Tsilhqot’in Nation files Notice of Civil Claim after Mount Polley disaster
Williams Lake – The Tsilhqot’in National Government (TNG) has filed a Notice of Civil Claim in the BC Supreme Court against Imperial Metals, Mount Polley, Knight Piesold, AMEC, and the Province of BC in response to the Mount Polley Mine tailings storage facility breach, which occurred on August 4, 2014.
In response to the breach, a State of Emergency was declared, and ‘no fishing’ and ‘no water use’ orders were put in place for Quesnel Lake and Quesnel River. The breach seriously impacted traditional fishing of the Tsilhqot’in Nation, with many members unsure of the safety of consuming fish from the Fraser, Chilcotin, Chilko and Taseko rivers. As a result, many Tsilhqot’in people were unable to gather enough food to meet adequate sustenance levels.
“Ts’eman (salmon) are at the core of Tsilhqot’in culture,” says Chief Francis Laceese of Tl’esqox. “Any threat to the salmon we depend on has the potential to directly impact the livelihoods of us as Tsilhqot’in people. The full impact to our Ts’eman is still not fully known. Our people will not stand by and watch environmental disasters wipe out our sources of food, spirit, and ceremony. We already are facing a huge impact to our sustenance because of the dramatic moose decline in the Territory. This is our economy and right that is impacted.”

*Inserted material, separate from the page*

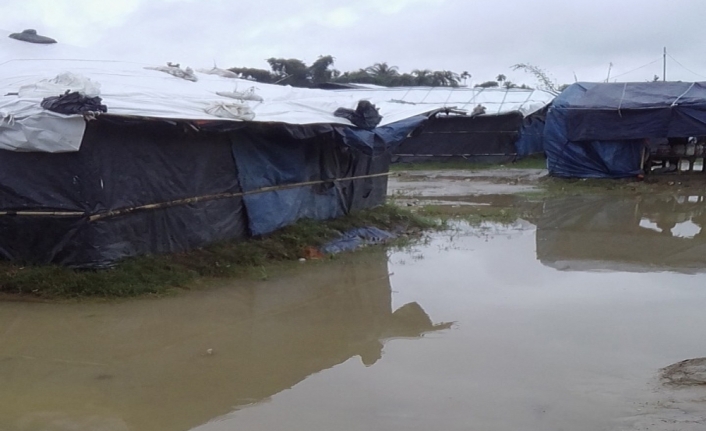 Rohingyalı Müslümanları bu kez seller vurdu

The community of ?Esdilagh, located on the banks of the Fraser River, relies heavily on the Quesnel sockeye stock for food. TNG also delayed an in-river commercial fishery licensed by DFO due to the uncertainty of the safety of the fish, which led to significant loss.
“Not only were our people directly impacted by the uncertainty of the safety of our fish and wildlife for consumption, but the economic development of our nation was also affected as our commercial fishery was effectively cancelled,” says Chief Bernie Mack of ?Esdilagh First Nation. “We are filing this Notice to hold the company, its engineers and the Province accountable and to ensure our people receive compensation for the failure of the Province of BC and Imperial Metals and the huge impact this disaster has had on our food and economies. We are disappointed the Province has given the Company a free pass. This is not an example of responsible and sustainable mining.”
The Notice of Civil Claim asserts that the responsibility for the damages to the Tsilhqot’in people lies with Imperial Metals, Mount Polley, Knight Piesold, AMEC, and the Province of BC. The Notice alleges that the Province of BC failed to meet reasonable standards of inspection and regulation, while the company and engineers acted negligently or otherwise failed to meet their duties to protect the public and the Tsilhqot’in people from this type of disaster.
TNG has filed the Notice but is not yet taking active steps in the litigation. TNG intends to extend the opportunity to discuss the Notice with BC and potentially the company before proceeding further. The Nenqay Deni Accord creates a venue for this level of discussion.